Truk Damkar Hantam Avanza dan Becak di Jalan Perwakilan

Wates,(kulonprogo.sorot.co)--Kecelakaan lalu-lintas terjadi di ruas Jalan Perwakilan, Kelurahan Wates, Kapanewon Wates pada Sabtu (05/06/2021) siang. Kecelakaan melibatkan satu unit truk Pemadam Kebakaran (Damkar) Kulon Progo, satu unit mobil Avaza dan becak.

Informasi yang berhasil dihimpun di lapangan, peristiwa terjadi ketika truk Damkar Nopol AB 9005 UL melaju dari arah timur menuju barat. Truk ini dikemudikan oleh Kornelius Hadi Susanto (32), warga Kalurahan Jatisarono, Kapanewon Nanggulan. Ia diketahui membawa armada untuk menindaklanjuti laporan kebakaran di wilayah Kapanewon Temon.

Ketika tiba di lokasi kejadian, truk Damkar tersebut melintas jalur satu arah. Dari arah yang berlawanan atau sesuai arus lalu-lintas, melaju Toyota Avanza Nopol AB 1554 L yang dikemudikan oleh Sutarta (43), warga Kalurahan Giripeni, Kapanewon Wates.

"Jadi Damkar memang melawan arah lalu-lintas.

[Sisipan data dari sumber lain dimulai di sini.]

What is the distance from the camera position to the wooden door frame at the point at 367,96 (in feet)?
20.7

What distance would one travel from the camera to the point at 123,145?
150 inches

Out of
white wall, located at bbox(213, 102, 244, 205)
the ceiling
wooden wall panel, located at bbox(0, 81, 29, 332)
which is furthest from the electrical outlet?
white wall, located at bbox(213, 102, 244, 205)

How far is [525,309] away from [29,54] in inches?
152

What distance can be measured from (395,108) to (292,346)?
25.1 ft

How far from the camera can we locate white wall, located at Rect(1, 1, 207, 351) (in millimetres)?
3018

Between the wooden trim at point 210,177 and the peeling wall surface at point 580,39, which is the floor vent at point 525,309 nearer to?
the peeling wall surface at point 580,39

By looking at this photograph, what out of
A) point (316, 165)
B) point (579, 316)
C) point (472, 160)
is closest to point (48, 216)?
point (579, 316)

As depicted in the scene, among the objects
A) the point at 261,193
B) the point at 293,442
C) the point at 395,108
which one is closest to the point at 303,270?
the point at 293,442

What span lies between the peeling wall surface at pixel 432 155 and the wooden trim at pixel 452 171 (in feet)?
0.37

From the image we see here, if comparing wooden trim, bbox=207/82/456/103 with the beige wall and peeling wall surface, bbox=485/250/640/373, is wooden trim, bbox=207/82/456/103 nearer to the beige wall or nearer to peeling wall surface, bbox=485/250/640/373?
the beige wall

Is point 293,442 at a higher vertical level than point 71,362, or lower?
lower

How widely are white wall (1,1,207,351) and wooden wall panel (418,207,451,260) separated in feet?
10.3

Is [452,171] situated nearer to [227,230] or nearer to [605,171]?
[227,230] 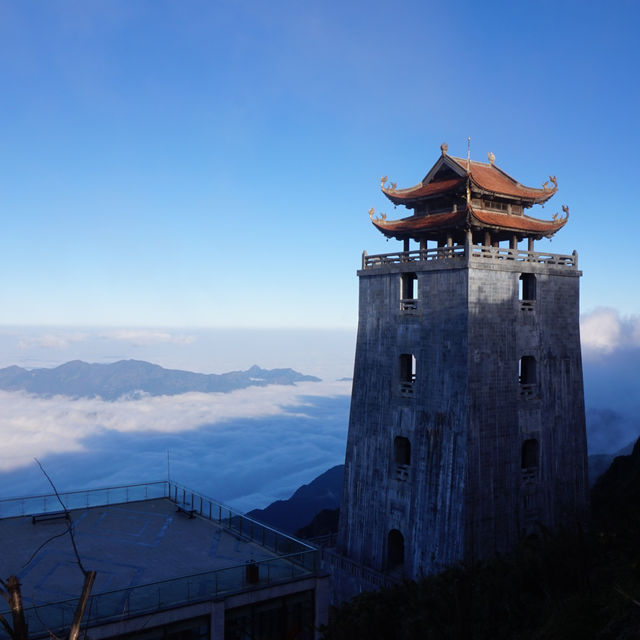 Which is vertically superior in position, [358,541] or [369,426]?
[369,426]

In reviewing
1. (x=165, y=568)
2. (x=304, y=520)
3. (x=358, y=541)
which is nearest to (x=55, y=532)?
(x=165, y=568)

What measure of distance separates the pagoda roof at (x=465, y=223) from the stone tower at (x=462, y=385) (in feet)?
0.24

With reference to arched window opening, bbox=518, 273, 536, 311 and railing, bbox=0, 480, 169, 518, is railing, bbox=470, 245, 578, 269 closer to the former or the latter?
arched window opening, bbox=518, 273, 536, 311

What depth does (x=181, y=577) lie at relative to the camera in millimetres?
18125

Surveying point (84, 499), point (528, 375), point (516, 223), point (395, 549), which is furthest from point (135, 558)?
point (516, 223)

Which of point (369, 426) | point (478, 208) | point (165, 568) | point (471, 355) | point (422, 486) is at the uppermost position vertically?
point (478, 208)

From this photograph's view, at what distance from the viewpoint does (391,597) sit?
20062mm

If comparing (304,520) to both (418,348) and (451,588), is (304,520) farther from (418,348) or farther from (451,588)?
(451,588)

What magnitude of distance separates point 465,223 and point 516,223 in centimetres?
324

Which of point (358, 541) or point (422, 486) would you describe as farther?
point (358, 541)

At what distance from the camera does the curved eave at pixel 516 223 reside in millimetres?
26734

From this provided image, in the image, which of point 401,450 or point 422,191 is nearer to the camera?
point 401,450

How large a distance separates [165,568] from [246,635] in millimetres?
3435

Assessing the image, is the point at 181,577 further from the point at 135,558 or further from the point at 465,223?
the point at 465,223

Ketika masuk jalur satu arah, Damkar sudah menyalakan rotator dan sirine. Tapi karena jarak yang sudah dekat, Damkar kemudian menghantam bodi kanan mobil Avanza," kata Penyidik Unit Laka Lantas Satlantas Polres Kulon Progo, Aipda Tejo Wiguna.

Setelah dihantam oleh truk Damkar, mobil oleng ke arah kiri dan menghantam becak yang terparkir di pinggir jalan. Becak tersebut adalah milik Subari (61), warga Pedukuhan Terbah, Kalurahan Pengasih, Kapanewon Pengasih. 

Paeca terlibat kecelakaan, pengemudi minibus dan seorang penumpang Avanza langsung dilarikan ke RSUD Wates. Sementara pengemudi truk Damkar dan pemilik becak tak mengalami luka.

"Kasus ini masih kita dalami. Kami sedang konfirmasi pula terkait laporan kebakaran di Temon," imbuh Tejo.

Kendati begitu, lanjut Tejo, berdasarkan undang-undang, armada truk Damkar maupun ambulans memang diperbolehkan melawan arus apabila dalam keadaan darurat. Hanya saja, pengemudi kedua armada tersebut diminta untuk tetap menjaga keselamatan pengguna jalan yang lain.

Sementara itu pemilik becak yang terlibat dalam kecelakaan, Subari mengatakan bila dirinya berhasil selamat lantaran ia tak berada di dalam ketika kecelakaan terjadi. Ia mengaku dirinya tengah beristirahat di trotoar di samping becaknya.

"Becak saya parkir di pinggir jalan. Saya duduk di trotoar. Dengar suara sirine Damkar tapi tiba-tiba dengar suara tabrakan. Saya langsung meloncat begitu lihat tabrakannya dekat dengan saya," imbuhnya.

Saat ini, peristiwa ini masih ditangani oleh Unit Laka Lantas Satlantas Polres Kulon Progo. Bangkai Avanza masih belum bisa dievakuasi lantaran kondisinya mengalami kerusakan parah, sehingga harus menunggu derek.